Samir grew up in Seine Saint-Denis, Paris suburbs. His parents are from Morocco. When he was a kid, the whole family used to drive there every summer. On the road, he watched the trucks. That is, where his desire was born to become a truck driver. Now, he drives one day and night.
Trucks drive through all of Europe day and night.
Adrien has already driven several hundred kilometres. He seizes the mandatory break to have a cup of coffee. He will rush back on the road as soon as possible, to load a construction vehicle before it is too late in the day.
One of the first missions of the week for Adrien is to transfer a load of pipes on his truck.
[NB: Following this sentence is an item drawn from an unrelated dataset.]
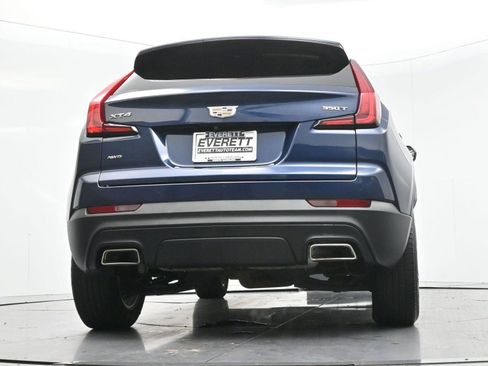 Used 2021 Cadillac XT4 Luxury w/ Cold Weather Package AWD/4WD image 51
After several hundred kilometres on the road, Adrien unloads the line pipes.
Due to the ferocious pace, the trucker community has slowly been falling apart over the years. Adrien barely has the time to grab a sandwich on the road.
The Truck Stops are obligatory locations for the drivers. They can eat here, park their trucks and sleep or take showers, and, above all, they can meet.
Samir takes a break on a parking lot, where he meets another driver from his company. The French regulation imposes daily driving time limits, and consequently highly inconvenient series of breaks. Truck drivers never cease to juggle with these time constraints.
Samir is about to unload his shipment of vegetables as quickly as possible.
Samir gassing up.
Adrien calls his wife before she goes to bed, to discuss the Christmas presents they are planning to offer their kids.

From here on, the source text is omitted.